If underwriters are used in the sale, they will acquire the common stock for their own account and may resell the common stock from time to time in one or more transactions at a fixed public offering price. The obligations of the underwriters to purchase the common stock will be subject to the conditions set forth in the applicable underwriting agreement. We may offer the common stock to the public through underwriting syndicates represented by managing underwriters or by underwriters without a syndicate. Subject to certain conditions, the underwriters may be obligated to purchase all the common stock offered by the prospectus supplement. Any public offering price and any discounts or concessions allowed or reallowed or paid to dealers may change from time to time. We may use underwriters with whom we have a material relationship. We will describe in the prospectus supplement, naming the underwriter, the nature of any such relationship. We may sell common stock directly or through agents we designate from time to time. We will name any agent involved in the offering and sale of common stock and we will describe any commissions we will pay the agent in the prospectus supplement. Unless the prospectus supplement states otherwise, our agent will act on a best-efforts basis for the period of its appointment.
We may authorize agents or underwriters to solicit offers by certain types of institutional investors to purchase common stock from us at the public offering price set forth in the prospectus supplement pursuant to delayed delivery contracts providing for payment and delivery on a specified date in the future. We will describe the conditions to these contracts and the commissions we must pay for solicitation of these contracts in the prospectus supplement.
We may provide agents and underwriters with indemnification against civil liabilities related to this offering, including liabilities under the Securities Act, or contribution with respect to payments that the agents or underwriters may make with respect to such liabilities. Agents and underwriters may engage in transactions with, or perform services for, us in the ordinary course of business.
Any underwriter may engage in overallotment, stabilizing transactions, short covering transactions and penalty bids in accordance with Regulation M under the Securities Exchange Act of 1934, as amended. Overallotment involves sales in excess of the offering size, which create a short position. Stabilizing transactions permit bids to purchase the underlying security so long as the stabilizing bids do not exceed a specified maximum. Short covering transactions involve purchases of the securities in the open market after the distribution is completed to cover short positions. Penalty
7
bids permit the underwriters to reclaim a selling concession from a dealer when the common stock originally sold by the dealer is purchased in a covering transaction to cover short positions. Those activities may cause the price of the common stock to be higher than it would otherwise be. If commenced, the underwriters may discontinue any of the activities at any time.

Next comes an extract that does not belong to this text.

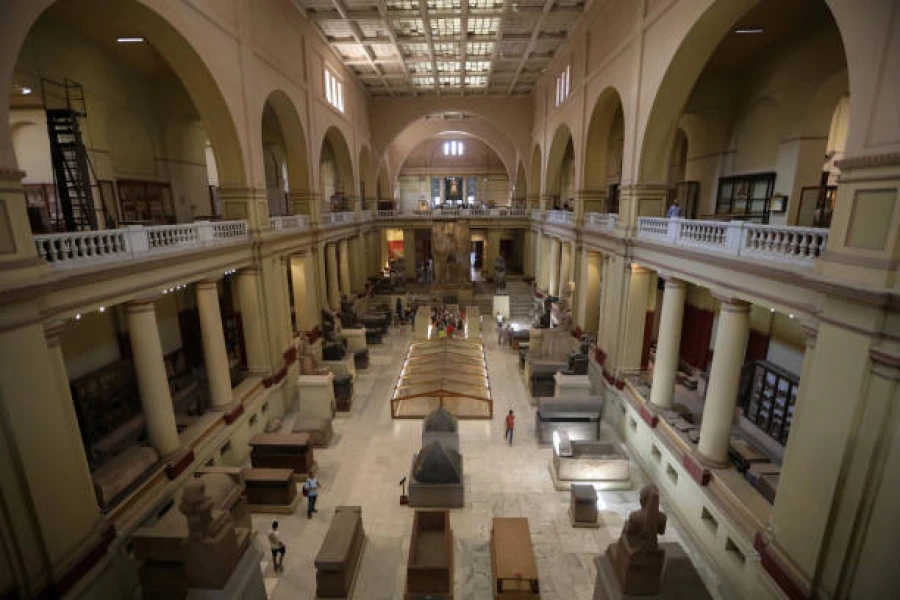 Exceptional Family Tour in Egypt for 6 Days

Any underwriters who are qualified market makers on the Nasdaq Global Market may engage in passive market making transactions in the common stock on the Nasdaq Global Market in accordance with Rule 103 of Regulation M, during the business day prior to the pricing of the offering, before the commencement of offers or sales of common stock. Passive market makers must comply with applicable volume and price limitations and must be identified as passive market makers. In general, a passive market maker must display its bid at a price not in excess of the highest independent bid for such security; if all independent bids are lowered below the passive market maker’s bid, however, the passive market maker’s bid must then be lowered when certain purchase limits are exceeded.
8
LEGAL MATTERS
The validity of the shares of common stock being offered by this prospectus will be passed upon for us by Gunderson Dettmer Stough Villeneuve Franklin & Hachigian, LLP, Menlo Park, California.
EXPERTS
The financial statements and management’s assessment of the effectiveness of internal control over financial reporting (which is included in Management’s Report on Internal Control over Financial Reporting) incorporated in this prospectus by reference to the Annual Report on Form 10-K of Hansen Medical, Inc. for the year ended December 31, 2007 and the audited historical financial statements of AorTx, Inc. included on page 3 of Hansen Medical, Inc.’s Current Report on Form 8-K/A dated January, 31, 2008 have been so incorporated in reliance on the reports of PricewaterhouseCoopers LLP, an independent registered public accounting firm, given on the authority of said firm as experts in auditing and accounting.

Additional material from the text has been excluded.